El veneno de abeja puede destruir células de cáncer de mama


El veneno de abeja induce la muerte de las células cancerosas en un cáncer de mama difícil de tratar con un efecto mínimo sobre las células sanas.


Un nuevo estudio de laboratorio llevado a cabo por el Instituto de Investigación Médica Harry Perkins y la Universidad de Australia Occidental demostró que una molécula que se encuentra en el veneno de abeja (Apis mellifera) puede suprimir el crecimiento de células cancerosas particularmente desagradables.

El estudio publicado en la prestigiosa revista internacional NJP Nature Precision Oncology se centró en ciertos subtipos de cáncer de mama, incluido el cáncer de mama triple negativo (TNBC), que es una afección extremadamente agresiva con opciones de tratamiento limitadas y  las células de cáncer de mama enriquecidas con HER2.

El TNBC representa hasta el 15 por ciento de todos los cánceres de mama.

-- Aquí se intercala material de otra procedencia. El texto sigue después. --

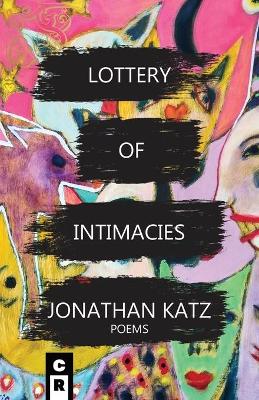 Book cover for Lottery Of Intimacies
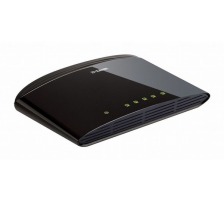 D-LINK 5 Port SWITCH 10/100Mbit E, DES-1005D/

En muchos casos, sus células producen más de una molécula llamada EGFR que la que se observa en las células normales. Los intentos anteriores de desarrollar tratamientos que se dirijan específicamente a esta molécula no han funcionado, porque también dañan a  las células sanas.

El veneno de abeja (Apis mellifera) ha mostrado potencial en otras terapias médicas, como el tratamiento del eccema, y ​​se sabe desde hace algún tiempo que tiene propiedades antitumorales, incluido el melanoma. Pero no se comprende completamente cómo funciona contra los tumores a nivel molecular. Ahora, hemos dado un gran paso hacia la respuesta.

Las abejas realmente usan melitina, la molécula que constituye la mitad de su veneno y hace que sus picaduras sean realmente dolorosas, para combatir sus propios patógenos. Los insectos producen este péptido no solo en su veneno, sino también en otros tejidos, donde se expresa en respuesta a infecciones.

Con la mira puesta en esta poderosa molécula, los investigadores sometieron células cancerosas y células normales cultivadas en laboratorio al veneno de abeja de Irlanda, Inglaterra y Australia, y al veneno de abejorro (Bombus terrestris) de Inglaterra.

Descubrieron que el veneno de abejorro, que no contiene melitina, pero tiene otros potenciales asesinos de células, tuvo poco efecto sobre las células del cáncer de mama, pero el veneno de abeja marcó la diferencia.

“El veneno era extremadamente potente”, dijo la doctora Ciara Duffy investigadora principal del estudio. “Descubrimos que la melitina puede destruir completamente las membranas de las células cancerosas en 60 minutos”.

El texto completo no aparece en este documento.